The Common Screens dataset lives on Amazon S3. You can download or hotlink the image files entirely free using HTTP(S) or S3 or with cloudfront cdn delivery.
S3 Bucket Information
The AWS s3 bucket is s3://common-screens hosted in us-west-2 (Oregon) region
Cloudfront CDN distribution
Cloud Front distribution domain name is dqh5x5k6xg3n1.cloudfront.net
Image name from domain name
The image name can be derived from domain names by converting all non alpha-numeric characters to hyphen “-” and suffixing “–.jpeg”. e.g. aws.amazon.com becomes aws-amazon-com–.jpeg. The image can be downloaded or hotlinked using the URL
https://dqh5x5k6xg3n1.cloudfront.net/aws-amazon-com–.jpeg
or via s3 https using
https://common-screens.s3.us-west-2.amazonaws.com/data/jpeg/aws-amazon-com–.jpeg.
The s3 bucket prefix is s3://common-screens/data/jpeg/ for all jpeg images.
If you want to link to the source servers the URL will be
https://data.commonscreens.com/aws-amazon-com–.jpeg
Try it for a domain..
Bucket structure
/data — all image and ocr data
/data/jpeg — jpeg images (mapped to cloudfront distribution)
/data/png — png images (not available yet)

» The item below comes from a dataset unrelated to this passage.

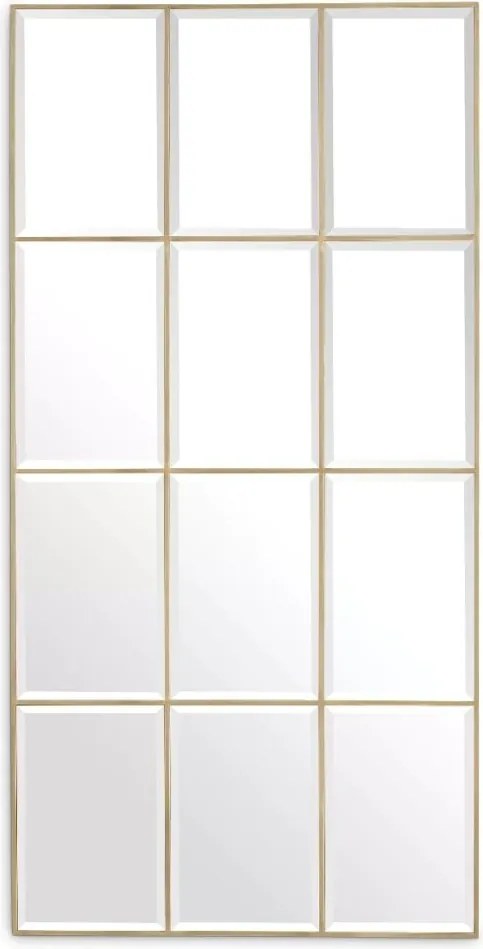 Oglinda decorativa design LUX Kravis alama vintage, 75x150cm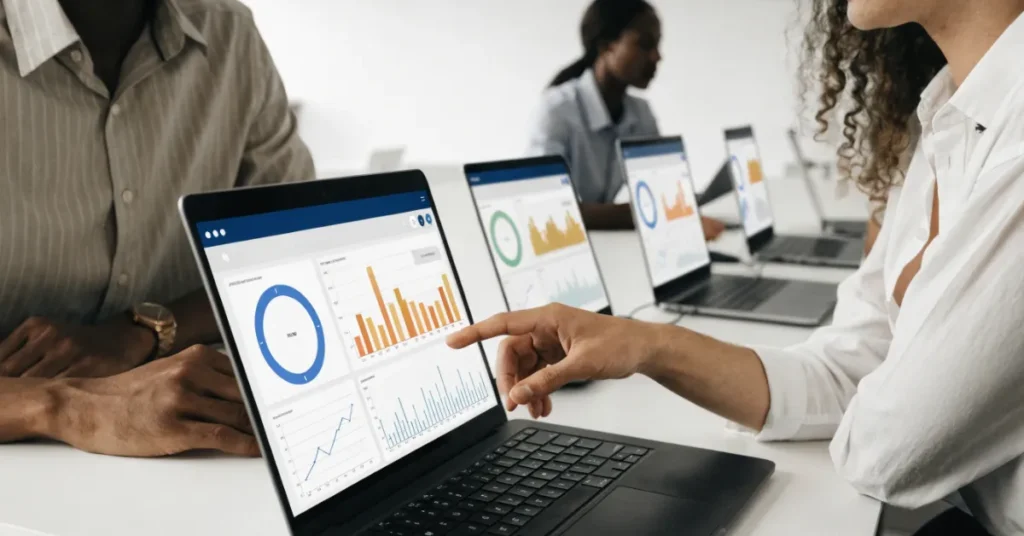 Accounting Firm in the UAE using cloud accounting software and modern financial technology for business compliance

/data/tiff — tiff images (not available yet)
/data/ocr — ocr text files with jpeg image name appended with .txt (in processing)
/metadata — metadata for images and domain in csv and gz format
/source-data — source domain names used to generate all sceenshots, in csv and gz format
/machine-learning – machine learning models for IAB Classification of text, image processing etc.
/docs — documentation
Metadata
The metadata is updated every month with new domains added, it contains IAB category and page language determined by machine learning along with other useful domain profile. The metadata is essentially title, description and keywords captured from the primary webpage of the domain.
ML Training Datasets
https://common-screens.s3.us-west-2.amazonaws.com/machine-learning/text-classification-training-dataset-en.csv (English language IAB Classification manually verified training dataset)
https://common-screens.s3.us-west-2.amazonaws.com/machine-learning/text-classification-training-dataset-multi-lingual.csv (Multilingual IAB Classification training dataset derived by translating the english manually verified dataset)